En guise de bonus, le gros morceau reste le commentaire audio de Stan Winston et Shane Mahan (technicien en chef des effets du film). Les deux hommes reviennent sur la production du film (on apprend au passage que le titre initial devait être WAR OF THE COLOSSAL BEAST, avant que le script définitif de Gutierrez n'oblige à se tourner vers autre chose), rendent hommage avec plus ou moins de bonheur au travail du réalisateur et des acteurs, et bien entendu décortiquent avec force détails le moindre plan d'effets spéciaux.
Outre une galerie de photos et de croquis, nous avons aussi droit à un ridiculement court making of (deux phrases de Sebastian Gutierrez, plus trois plans de sculpteurs au travail et c'est tout).
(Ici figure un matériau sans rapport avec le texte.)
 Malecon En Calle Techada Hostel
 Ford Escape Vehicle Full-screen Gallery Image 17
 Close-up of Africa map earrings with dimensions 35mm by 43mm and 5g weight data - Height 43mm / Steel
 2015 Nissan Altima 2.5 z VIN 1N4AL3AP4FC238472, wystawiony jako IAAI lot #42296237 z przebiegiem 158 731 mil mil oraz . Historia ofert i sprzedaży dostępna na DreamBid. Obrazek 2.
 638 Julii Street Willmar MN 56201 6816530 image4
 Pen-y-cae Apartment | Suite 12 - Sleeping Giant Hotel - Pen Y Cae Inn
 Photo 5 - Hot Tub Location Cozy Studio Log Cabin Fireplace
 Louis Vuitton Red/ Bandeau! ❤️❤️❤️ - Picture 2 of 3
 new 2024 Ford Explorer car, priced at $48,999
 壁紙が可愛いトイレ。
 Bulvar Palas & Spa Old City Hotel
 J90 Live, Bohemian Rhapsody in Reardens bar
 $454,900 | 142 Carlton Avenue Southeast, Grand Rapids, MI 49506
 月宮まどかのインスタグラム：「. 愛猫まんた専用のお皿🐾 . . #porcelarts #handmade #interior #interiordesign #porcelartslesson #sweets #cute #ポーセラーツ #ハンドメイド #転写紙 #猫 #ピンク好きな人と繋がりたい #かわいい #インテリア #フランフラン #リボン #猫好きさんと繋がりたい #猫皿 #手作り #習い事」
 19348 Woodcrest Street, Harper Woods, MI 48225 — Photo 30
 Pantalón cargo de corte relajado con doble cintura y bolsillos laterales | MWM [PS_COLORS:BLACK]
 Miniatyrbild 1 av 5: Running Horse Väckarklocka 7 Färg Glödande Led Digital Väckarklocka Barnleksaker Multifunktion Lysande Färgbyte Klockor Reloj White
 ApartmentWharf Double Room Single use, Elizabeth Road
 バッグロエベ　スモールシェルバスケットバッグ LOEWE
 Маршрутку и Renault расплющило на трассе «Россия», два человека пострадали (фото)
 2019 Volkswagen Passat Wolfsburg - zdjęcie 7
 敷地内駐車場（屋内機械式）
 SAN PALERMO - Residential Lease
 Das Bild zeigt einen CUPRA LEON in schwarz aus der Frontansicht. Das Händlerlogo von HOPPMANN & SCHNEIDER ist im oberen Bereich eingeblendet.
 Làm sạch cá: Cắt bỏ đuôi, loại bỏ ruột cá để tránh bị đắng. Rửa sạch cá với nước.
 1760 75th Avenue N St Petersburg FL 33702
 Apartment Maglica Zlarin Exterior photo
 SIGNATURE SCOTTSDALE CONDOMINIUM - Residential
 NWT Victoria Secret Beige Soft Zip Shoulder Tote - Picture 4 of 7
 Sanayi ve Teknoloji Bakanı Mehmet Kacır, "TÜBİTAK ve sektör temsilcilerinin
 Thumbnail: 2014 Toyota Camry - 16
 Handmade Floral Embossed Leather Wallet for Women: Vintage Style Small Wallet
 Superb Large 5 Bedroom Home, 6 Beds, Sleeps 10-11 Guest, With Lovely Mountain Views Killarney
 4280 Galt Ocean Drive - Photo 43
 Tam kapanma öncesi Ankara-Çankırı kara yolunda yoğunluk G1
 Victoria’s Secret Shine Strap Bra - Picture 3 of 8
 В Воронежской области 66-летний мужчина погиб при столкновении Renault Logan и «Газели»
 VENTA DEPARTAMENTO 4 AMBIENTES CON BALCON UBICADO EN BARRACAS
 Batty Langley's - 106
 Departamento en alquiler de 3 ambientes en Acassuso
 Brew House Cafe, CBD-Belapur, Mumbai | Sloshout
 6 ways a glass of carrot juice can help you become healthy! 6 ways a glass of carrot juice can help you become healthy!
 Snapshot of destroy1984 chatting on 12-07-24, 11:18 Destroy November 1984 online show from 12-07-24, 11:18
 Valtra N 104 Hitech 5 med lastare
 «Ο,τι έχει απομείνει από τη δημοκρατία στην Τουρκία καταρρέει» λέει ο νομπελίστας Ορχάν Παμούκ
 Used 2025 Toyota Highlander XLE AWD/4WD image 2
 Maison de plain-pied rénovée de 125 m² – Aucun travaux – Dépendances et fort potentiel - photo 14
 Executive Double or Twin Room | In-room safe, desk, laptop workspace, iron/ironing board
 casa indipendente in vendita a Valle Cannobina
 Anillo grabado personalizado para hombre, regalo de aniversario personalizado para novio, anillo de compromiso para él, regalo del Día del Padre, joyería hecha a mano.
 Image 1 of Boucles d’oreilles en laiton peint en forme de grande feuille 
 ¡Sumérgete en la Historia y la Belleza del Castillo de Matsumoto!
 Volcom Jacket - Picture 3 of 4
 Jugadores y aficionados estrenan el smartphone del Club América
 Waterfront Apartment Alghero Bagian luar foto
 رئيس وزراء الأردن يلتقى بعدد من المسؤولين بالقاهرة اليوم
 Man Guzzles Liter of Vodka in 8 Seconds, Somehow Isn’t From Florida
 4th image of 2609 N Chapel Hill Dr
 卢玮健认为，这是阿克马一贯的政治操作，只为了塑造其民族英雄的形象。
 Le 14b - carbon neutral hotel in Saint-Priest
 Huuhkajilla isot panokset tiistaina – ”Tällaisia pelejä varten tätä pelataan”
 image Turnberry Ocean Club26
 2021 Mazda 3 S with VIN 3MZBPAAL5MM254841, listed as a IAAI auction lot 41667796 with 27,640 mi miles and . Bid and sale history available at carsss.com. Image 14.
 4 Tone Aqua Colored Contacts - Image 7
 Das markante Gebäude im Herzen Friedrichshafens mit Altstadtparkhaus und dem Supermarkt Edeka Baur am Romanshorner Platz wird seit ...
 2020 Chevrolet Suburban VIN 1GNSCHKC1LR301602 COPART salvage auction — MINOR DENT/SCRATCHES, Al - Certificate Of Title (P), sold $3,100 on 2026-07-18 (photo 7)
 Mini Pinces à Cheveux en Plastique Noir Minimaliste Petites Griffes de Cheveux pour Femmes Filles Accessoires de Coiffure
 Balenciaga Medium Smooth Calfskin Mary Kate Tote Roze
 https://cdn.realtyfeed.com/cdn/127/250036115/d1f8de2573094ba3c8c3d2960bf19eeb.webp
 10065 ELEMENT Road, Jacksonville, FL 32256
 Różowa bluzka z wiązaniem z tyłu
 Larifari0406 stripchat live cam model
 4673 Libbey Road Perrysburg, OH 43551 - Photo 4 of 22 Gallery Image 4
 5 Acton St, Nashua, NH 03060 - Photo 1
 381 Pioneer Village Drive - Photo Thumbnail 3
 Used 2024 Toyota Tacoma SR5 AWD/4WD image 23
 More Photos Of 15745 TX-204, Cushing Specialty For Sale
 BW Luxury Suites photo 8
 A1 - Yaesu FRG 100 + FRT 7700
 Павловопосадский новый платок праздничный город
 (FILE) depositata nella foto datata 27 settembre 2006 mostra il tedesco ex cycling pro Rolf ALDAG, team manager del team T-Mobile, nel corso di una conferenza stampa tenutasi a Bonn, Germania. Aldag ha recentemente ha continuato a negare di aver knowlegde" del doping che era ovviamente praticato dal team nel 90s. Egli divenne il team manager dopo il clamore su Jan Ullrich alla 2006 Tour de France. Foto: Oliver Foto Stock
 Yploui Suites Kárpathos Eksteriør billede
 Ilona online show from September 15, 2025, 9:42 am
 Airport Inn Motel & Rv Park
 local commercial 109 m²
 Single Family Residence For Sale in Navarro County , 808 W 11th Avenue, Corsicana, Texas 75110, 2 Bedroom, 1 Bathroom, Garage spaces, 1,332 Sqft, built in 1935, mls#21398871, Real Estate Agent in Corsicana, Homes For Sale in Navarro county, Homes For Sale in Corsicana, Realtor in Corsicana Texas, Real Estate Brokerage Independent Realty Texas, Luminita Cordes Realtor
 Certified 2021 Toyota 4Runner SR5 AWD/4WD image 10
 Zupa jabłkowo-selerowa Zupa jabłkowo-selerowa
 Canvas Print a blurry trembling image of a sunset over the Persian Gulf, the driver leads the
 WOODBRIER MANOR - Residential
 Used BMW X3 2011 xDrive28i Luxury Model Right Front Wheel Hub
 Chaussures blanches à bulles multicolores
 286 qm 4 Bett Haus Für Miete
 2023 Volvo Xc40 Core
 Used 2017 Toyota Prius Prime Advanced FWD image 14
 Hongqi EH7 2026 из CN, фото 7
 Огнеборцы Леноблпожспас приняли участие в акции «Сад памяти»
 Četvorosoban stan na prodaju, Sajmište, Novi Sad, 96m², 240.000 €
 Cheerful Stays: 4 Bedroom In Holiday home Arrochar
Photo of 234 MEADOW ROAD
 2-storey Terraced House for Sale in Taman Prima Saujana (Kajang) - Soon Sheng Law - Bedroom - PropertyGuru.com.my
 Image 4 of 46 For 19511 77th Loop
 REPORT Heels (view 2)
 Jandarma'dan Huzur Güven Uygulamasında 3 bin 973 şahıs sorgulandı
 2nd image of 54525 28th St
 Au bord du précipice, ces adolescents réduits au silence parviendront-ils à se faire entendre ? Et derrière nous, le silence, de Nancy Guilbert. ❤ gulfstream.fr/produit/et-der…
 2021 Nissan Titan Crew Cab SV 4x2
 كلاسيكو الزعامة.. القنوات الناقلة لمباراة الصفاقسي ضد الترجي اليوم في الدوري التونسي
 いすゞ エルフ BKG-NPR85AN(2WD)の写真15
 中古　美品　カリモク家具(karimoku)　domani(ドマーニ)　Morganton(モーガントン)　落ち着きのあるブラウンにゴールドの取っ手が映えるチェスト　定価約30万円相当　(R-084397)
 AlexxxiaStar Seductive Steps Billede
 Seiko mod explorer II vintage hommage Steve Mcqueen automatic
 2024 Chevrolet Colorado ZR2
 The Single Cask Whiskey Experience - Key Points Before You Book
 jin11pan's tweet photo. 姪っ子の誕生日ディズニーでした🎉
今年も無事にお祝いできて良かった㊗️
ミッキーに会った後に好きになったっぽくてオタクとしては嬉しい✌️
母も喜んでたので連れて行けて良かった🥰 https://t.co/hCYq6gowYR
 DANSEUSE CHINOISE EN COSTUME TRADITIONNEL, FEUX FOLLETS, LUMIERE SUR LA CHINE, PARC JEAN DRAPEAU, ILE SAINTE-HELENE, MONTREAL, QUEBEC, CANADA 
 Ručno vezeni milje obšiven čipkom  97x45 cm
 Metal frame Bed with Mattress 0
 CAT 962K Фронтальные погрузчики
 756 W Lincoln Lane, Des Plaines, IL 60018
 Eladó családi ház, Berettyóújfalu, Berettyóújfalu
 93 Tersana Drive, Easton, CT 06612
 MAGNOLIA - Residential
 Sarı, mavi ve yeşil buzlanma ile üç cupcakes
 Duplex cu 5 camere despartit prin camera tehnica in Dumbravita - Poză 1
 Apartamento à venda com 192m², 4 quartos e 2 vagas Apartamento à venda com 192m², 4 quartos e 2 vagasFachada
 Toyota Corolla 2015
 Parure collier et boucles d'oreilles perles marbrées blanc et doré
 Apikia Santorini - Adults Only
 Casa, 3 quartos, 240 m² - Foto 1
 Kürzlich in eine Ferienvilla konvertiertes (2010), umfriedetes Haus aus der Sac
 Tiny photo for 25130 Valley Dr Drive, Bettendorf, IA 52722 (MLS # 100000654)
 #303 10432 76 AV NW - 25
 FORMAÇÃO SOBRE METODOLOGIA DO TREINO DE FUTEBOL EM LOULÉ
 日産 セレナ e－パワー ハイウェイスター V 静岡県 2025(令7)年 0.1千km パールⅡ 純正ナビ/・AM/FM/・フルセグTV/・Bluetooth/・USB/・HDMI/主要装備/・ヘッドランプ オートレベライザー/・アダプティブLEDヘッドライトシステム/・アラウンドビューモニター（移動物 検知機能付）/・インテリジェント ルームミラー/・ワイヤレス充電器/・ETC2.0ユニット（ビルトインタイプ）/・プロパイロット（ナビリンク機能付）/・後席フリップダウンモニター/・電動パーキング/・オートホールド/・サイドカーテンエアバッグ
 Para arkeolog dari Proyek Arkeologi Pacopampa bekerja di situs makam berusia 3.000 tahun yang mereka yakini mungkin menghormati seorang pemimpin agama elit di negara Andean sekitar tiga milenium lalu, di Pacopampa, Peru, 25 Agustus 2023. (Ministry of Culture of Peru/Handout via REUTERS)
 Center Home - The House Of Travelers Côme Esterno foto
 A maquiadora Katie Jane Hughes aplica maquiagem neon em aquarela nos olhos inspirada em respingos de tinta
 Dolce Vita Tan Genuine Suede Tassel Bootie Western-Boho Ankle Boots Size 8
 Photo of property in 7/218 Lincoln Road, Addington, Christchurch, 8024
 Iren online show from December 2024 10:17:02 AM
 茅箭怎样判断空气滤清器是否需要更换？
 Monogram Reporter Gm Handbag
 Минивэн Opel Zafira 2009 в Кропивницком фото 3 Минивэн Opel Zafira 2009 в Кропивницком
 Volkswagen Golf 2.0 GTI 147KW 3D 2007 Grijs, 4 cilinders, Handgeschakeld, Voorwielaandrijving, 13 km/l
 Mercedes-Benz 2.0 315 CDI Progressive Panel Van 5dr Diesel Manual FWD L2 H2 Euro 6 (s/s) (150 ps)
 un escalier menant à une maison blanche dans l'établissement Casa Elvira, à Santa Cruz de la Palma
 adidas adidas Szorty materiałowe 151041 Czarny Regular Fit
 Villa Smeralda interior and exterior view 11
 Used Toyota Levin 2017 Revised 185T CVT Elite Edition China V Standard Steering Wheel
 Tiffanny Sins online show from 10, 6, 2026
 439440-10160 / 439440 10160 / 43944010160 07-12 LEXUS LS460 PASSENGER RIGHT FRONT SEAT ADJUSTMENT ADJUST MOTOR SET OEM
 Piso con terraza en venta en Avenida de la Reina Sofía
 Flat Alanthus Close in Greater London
Dans la section bande-annonce, nous trouvons un trailer Creature Features nous présentant trois films de la série, ainsi que les trailers des très dispensables ANACONDA et GODZILLA (version Emerich bien entendu). Une poignée de filmographies, plus l'habituel petit livret de l'Ecran Fantastique et le tour est (déjà) fait.
A l'instar des autres productions de la maison, SHE CREATURE n'a donc rien à voir avec son homonyme datant de 1956... Encore moins avec WAR OF THE COLOSSAL BEAST. Cela n'empêche que le téléfilm de Gutierrez est une excellente surprise et qu'il constitue le haut du panier de la série de Winston et consorts, et prouve par la même occasion qu'inédit vidéo ne rime pas forcément avec daube des Carpates (comprenez par là : tourné en Roumanie). Le reste de la production de ces Creature Features reste cependant plus inégal, et nous vous conseillons d'aller faire un tour sur les critiques de HOW TO MAKE A MONSTER et THE DAY THE WORLD ENDED pour plus d'informations éclairées.